NEW ORLEANS (BP) – The board of trustees at New Orleans Baptist Theological Seminary and Leavell College approved a $12 million plan to make critical campus renovations including updates to student housing, the cafeteria and the student center during its spring meeting April 12-13.
In addition, the board voted to rename the student center in honor of Fred Luter, pastor of Franklin Avenue Baptist Church (FABC) in New Orleans. The renewed cafeteria will be named in memory of Landrum P. Leavell II.
Jamie Dew, president of New Orleans Baptist Theological Seminary and Leavell College, shared the news of the student center naming with Fred Luter and the members of FABC on Easter Sunday.
“Proverbs chapter three verse number 27 says this: ‘Do not withhold good from those to whom it is due when it is in your power to do so,” Dew said during the naming announcement. “Pastor Luter, you are clearly a man to whom honor is due and it is within our power to do so.”
The newly renamed Fred Luter Jr. Student Center (LSC) interior restoration is nearing completion after more than a year of work. Trustees also approved much-needed exterior upgrades to the student center to beautify the campus entrance and improve the center’s functionality. The updates include additional interior renovations, outdoor seating areas, landscaping and parking lot repairs.
The LSC renovations were funded by a $2 million anonymous gift. A gift of that size includes naming rights for the building, Dew said.

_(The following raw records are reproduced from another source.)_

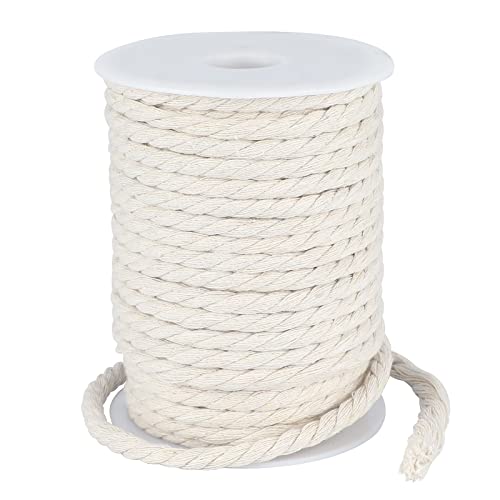 KINGLAKE 6mm- 30m Makramee Garn Baumwollschnur,Kordel Beige Dicke Schnur Makramee Seil- Für Handwerk, Gartenarbeit, Verpackung, Dekoration von KINGLAKE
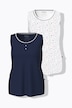 Pyjama-Tops, 2er-Pack, uni/Blüten, Rundhals, ärmellos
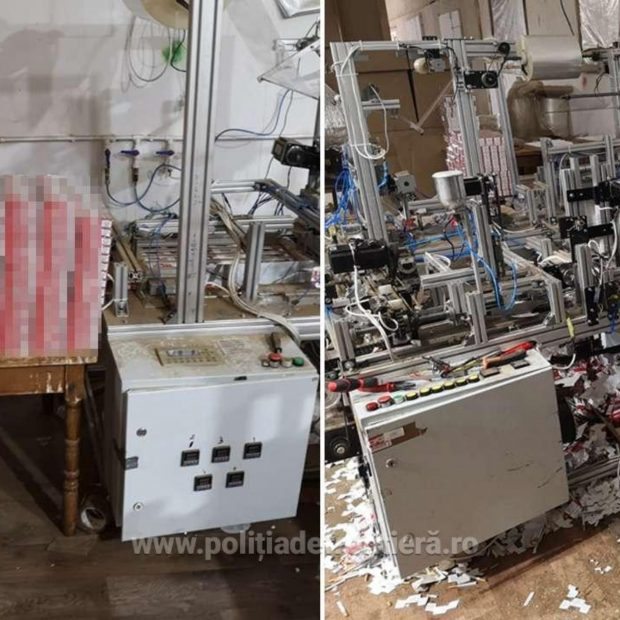 Fabrică de țigări de contrabandă descoperită într-o hală din Neamț. Clădirea era izolată cu polistiren pentru a nu fi detectată de camerele cu termoviziune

In consultation with the NOBTS administration, the donor chose to recognize Luter’s humble and faithful service in New Orleans and throughout the Southern Baptist Convention by naming the building in his honor.
During the presentation, Dew recounted how he began listening to Luter’s sermons shortly after becoming a believer and how Luter made an impression on him.
“When you watch someone from afar, you have an impression about who they are and what they are. And you know how this goes, sometimes when you get to meet these people in real life, they are not who you thought they would be,” Dew said. “Brother, you are not only everything I thought you were, you are more. We love you.”
A video of Dew’s announcement at Franklin Avenue Baptist Church is available here.
Luter, called as Franklin Avenue’s pastor in 1986, helped the struggling, 65-member congregation grow to one of the largest Southern Baptist churches in Louisiana. During his 36-year tenure as FABC pastor, Luter has become an important voice for the cause of Christ in the city of New Orleans and an ardent supporter of the seminary’s work. In 2012, Luter was elected as the first African American president of the SBC and served two terms in that role.
In addition to the LSC improvements and naming, the multi-year campus renovation plan approved by the trustees calls for the complete renovation of student housing units and updates to essential public buildings such as the cafeteria. The project also includes the construction of one new faculty home. The updates will include numerous ADA accessibility features to better serve the campus community.
The cornerstone of the plan is a $5 million update to the cafeteria, which will include a 4,000-square-foot addition, new meeting rooms, new bathrooms, an elevator and a mezzanine. The phased construction and remodeling of the cafeteria will begin in May.
In addition to the updates and new features, the cafeteria will receive a new name. Trustees voted to name the cafeteria the Landrum Leavell Dining Hall in memory of Landrum P. Leavell II. Leavell, the seminary’s seventh president, led NOBTS for 20 years with a singular focus on training men and women for kingdom work. This essential community and conferencing space on the campus quad will honor his legacy on campus.
Close to $4.5 million will be spent remodeling and updating student housing including the addition of eight new apartments in the former Shepherd’s Corner building. Many of the apartments covered in the renovation plan were built when the NOBTS campus relocated to Gentilly. While the structures are sound, updates and repairs are needed. The most extensive repair and restoration work will be in Willingham Manor (married student apartments). Willingham foyers, hallways, stairwells, and apartments will be remodeled. Apartments will receive new appliances as well as plumbing and electrical updates.
Campus dorms and the Lipsey/Dement/Crutcher apartments will receive significant updates to common spaces such as foyers, hallways, and stairwells. Common rooms and areas in the dorms also will be renovated, and the Courtyard Apartments will receive new furniture.
Other campus improvements include an elevator and exterior updates for the Frost Building and a new meeting space on the second floor of the student center.
In addition to the $2 million anonymous gift, the remainder of the project will be funded by private donations, the NOBTS Foundation, an insurance settlement related to Hurricane Ida, and an investment by the Providence Housing Corporation.